Venecia no es Italia: hay muchos turistas. Eso me dijeron en alguna ocasión cuando tal vez mencioné que iba a la bota. Pero me pareció que detrás de todos los turistas, oculta por las hordas de asiáticos que usan cámaras réflex digitales como si fueran iPhones, escondida tras los guías hablando a sus grupos en infinidad de idiomas no relacionados con el latín, se podía sentir un poco el alma de la ciudad, el día a día, el espíritu italiano. Tal vez me equivoque: después de todo nunca antes había estado en Italia, y sólo estuve por dos días.

Supongo que es algo que pasa en todas las ciudades turísticas. Una vez se logra mirar por debajo de las murallas de Cartagena, se descubre lo crudo de su realidad; después de mirar el Támesis desde una cápsula del London Eye, después de visitar el Big Ben y oírlo dar las doce de la noche dando paso a una nueva semana; después de posarse en el medio del Tower Bridge, justo ahí donde se abre, ya Londres no se siente como la ciudad megaturística que es, sino como el lugar donde viven millones de personas cuyas vidas transcurren como las de cualquier otra. Algunas de ellas conocidas por mí.
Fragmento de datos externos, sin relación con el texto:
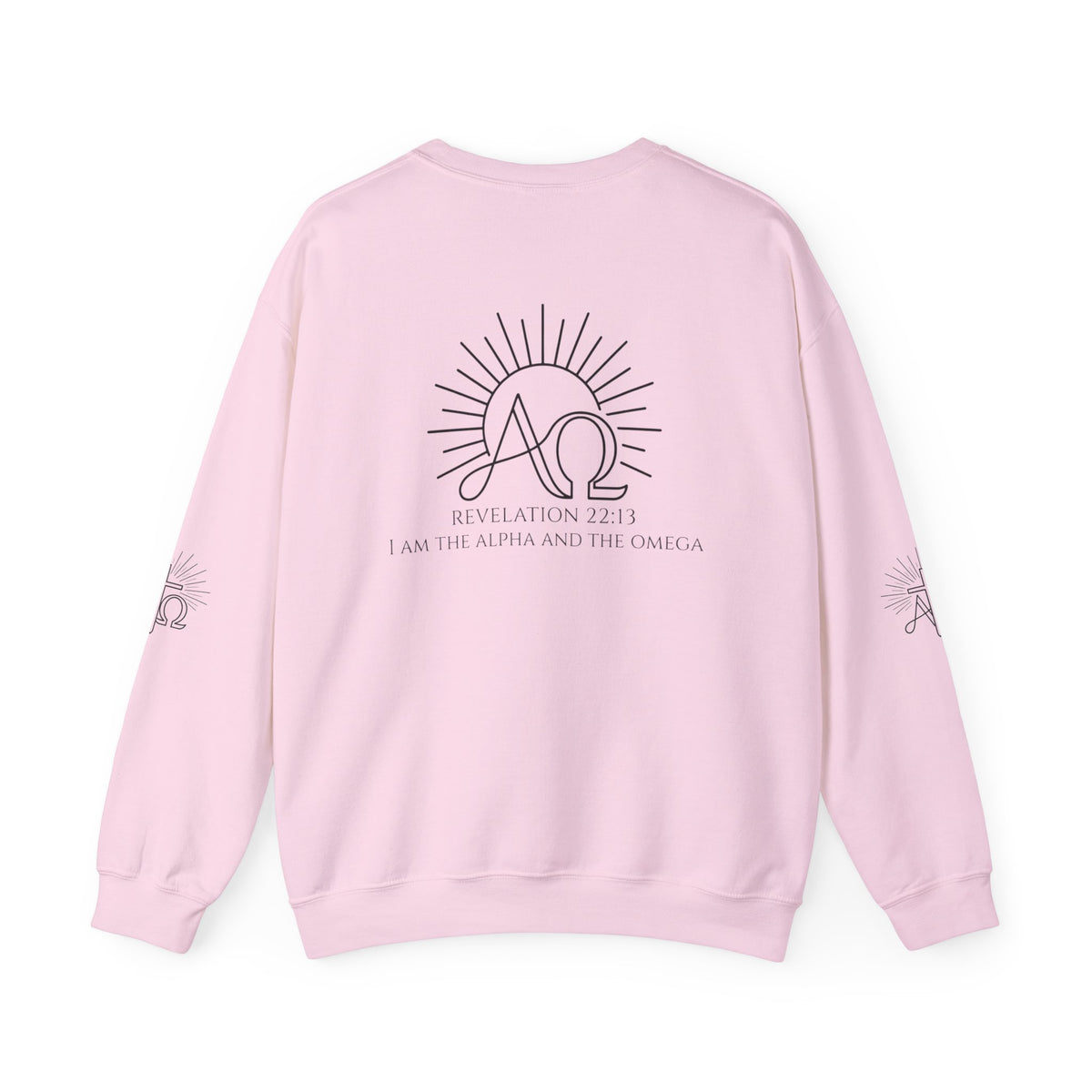 Alpha & Omega Crewneck Sweatshirt — Revelation 22:13 Christian Graphic Pullover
Aún así, aunque no estuve en Venecia más de lo estrictamente necesario para caminarla de un lado a otro, supe que estaba en Italia y traté de sentirlo. Y creo que lo logré. Porque a la hora de comprar los ingredientes de los panini me era más útil el español que el inglés. Por notar la existencia de aquellos callejones vacíos, detrás de los puestos comerciales y lejos de la muchedumbre, donde descansaban sin que nadie los viera los insumos de tienda tras tienda. Por escuchar tenderos cuchichear entre sí en un fluído italiano: hablar, gesticular, mover las manos airadamente, reír, callar, y por último dirijirse a nosotros con un sonoro “ciao, si?”.
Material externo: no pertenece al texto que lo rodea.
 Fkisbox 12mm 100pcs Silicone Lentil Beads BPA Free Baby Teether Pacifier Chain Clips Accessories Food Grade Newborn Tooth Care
Depués de que mis ojos se perdieran innumerables veces viendo el mapa del librito sobre Venedig que traíamos desde Viena, comprendí que memorizar los nombres de callejuelas no nos iba a ser de gran ayuda; nos encontramos en medio de lo que, supongo, podrían llamarse casas típicas venecianas, sin un turista a la vista. Eso pasó varias veces, momentos en los la única solución vislumbrable era caminar sin rumbo hasta encontrar algún letrero que dijera, por alguna buena suerte, Alla Ferrovia o Per Rialto. Eso seguramente nos iba a llevar a alguna calle principal, de nuevo inundada de visitantes y vendedores, y donde el inglés era de nuevo útil en algún sentido. Una vez allí, el librejo podía ser de alguna ayuda.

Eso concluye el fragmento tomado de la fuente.